In the wake of the debt-ceiling deal, others are starting to get the idea that tax reform is not in the cards. CNBC reports:
“The extension of debt ceiling and government funding debates into fourth-quarter 2017 may limit Congress’ ability to pass tax reform,” wrote Moody’s analysts Sarah Carlson and Matt Kulakovskyi. “If the agreement goes through, negotiations on raising the currently binding debt ceiling will start again in only a few months,” suggesting that other items on the agenda may have to take a back seat to debt debate.Moody’s analysis also said that any further tax cuts would “exacerbate” projected increases in government debt, thereby contributing to the already-tense political discussion.“The agreement has no effect on our assessment of the government’s fiscal dynamics because it does not include any provisions for additional revenue or offsetting expenditure cuts to fund the proposed disaster relief spending or, more generally, affect the budget balance,” added the analysts.

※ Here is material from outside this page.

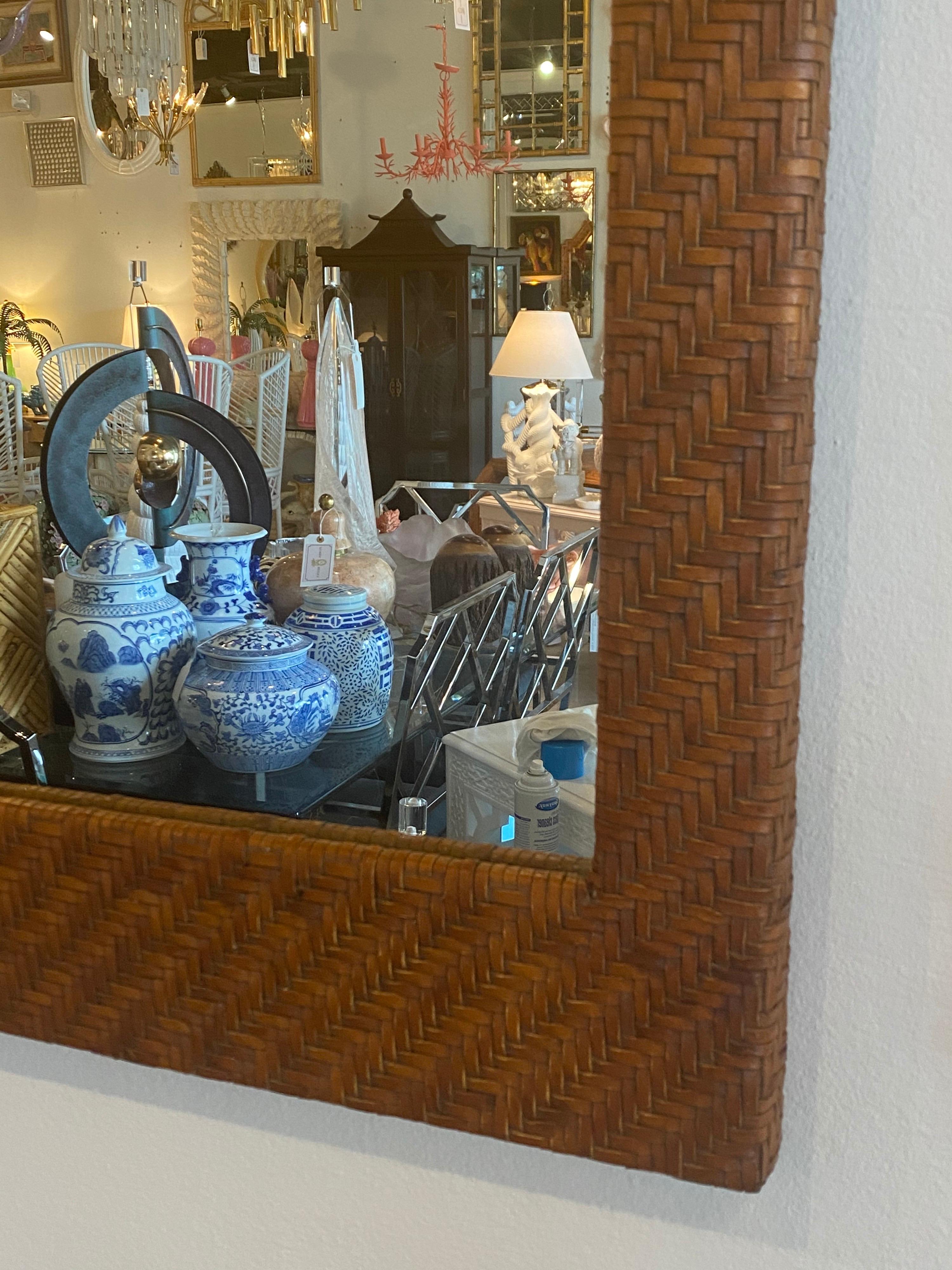 Lovely vintage wall mirror. Leather weaved that looks like wicker. No damage or defects.
  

So what happens if the GOP’s MacGuffin gets written out of the script? One option would be to work on some small subset of tax reform, such as a revenue-neutral corporate tax reform (not cut). That would be logical, but in the “all or nothing” mentality that permeates the GOP, it doesn’t seem likely to attract much interest. The GOP could turn to other things that might be doable — infrastructure, a fix for the Obamacare exchanges, etc. But those in and of themselves are divisive within the GOP (as is a fix for the Deferred Action for Childhood Arrivals program, of course); moreover, these are not the sort of things that animate the whole party, bringing disparate strains of the party together and producing a kumbaya moment for a party at war with itself. You see, given that the GOP has devoted so much energy to the prospect of tax cuts, failure to attain that prize in all likelihood will leave the party more divided and dispirited than ever before.

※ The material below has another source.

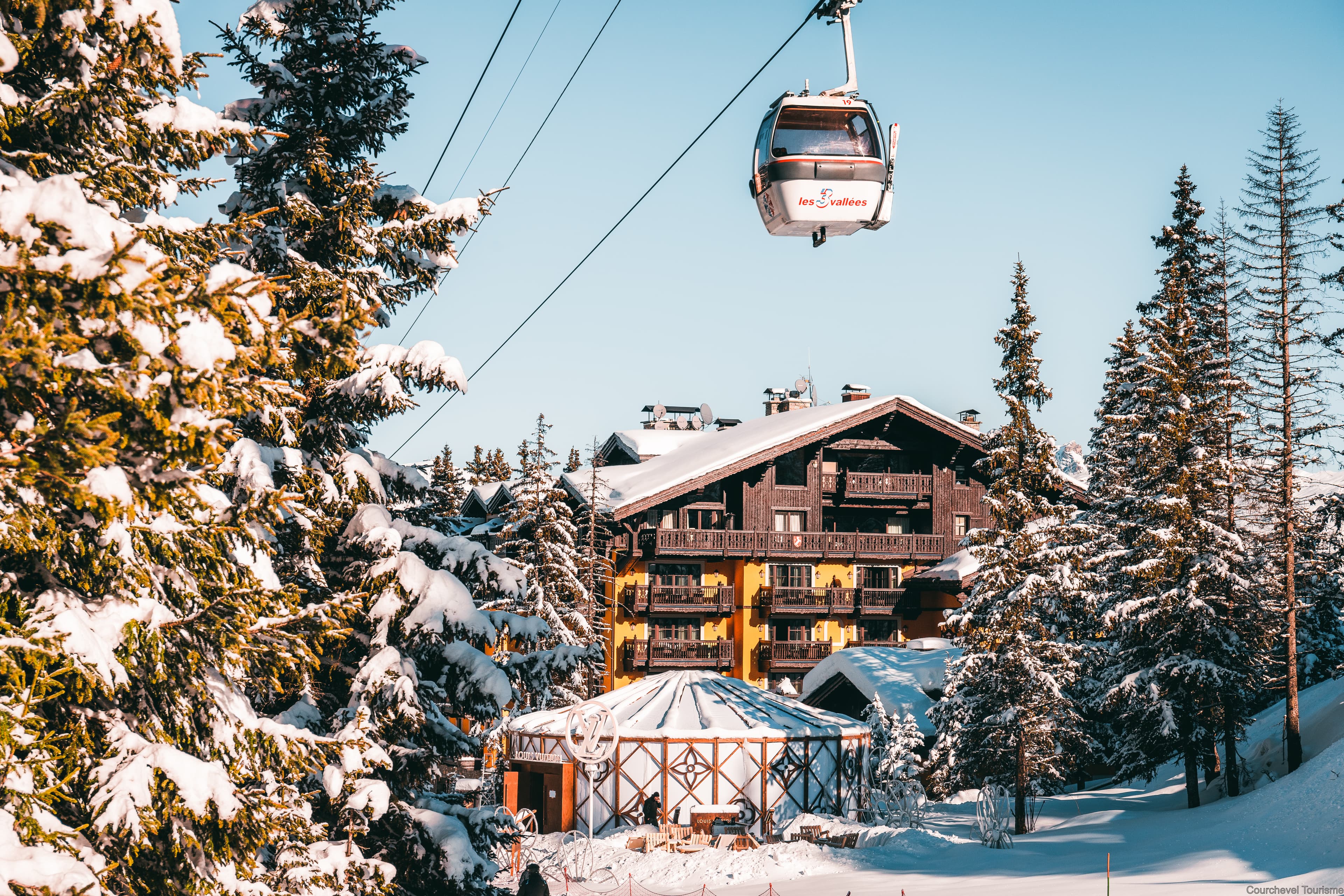 View of Courchevel France ski resort from above with chalets and trees.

The idea that House Speaker Paul D. Ryan (R-Wis.) is somehow better off after the debt-ceiling deal or that the debt deal “cleared the decks” so tax reform could get done strikes me as rather delusional. If Republicans don’t get their save-their-skins-and-the-party tax plan, I suspect you’ll see a bunch more congressional retirements, a whole lot of alt-right challengers and a really angry GOP donor community. At some point they might even begin to ask: What good is Trump if he can’t get us anything we really want?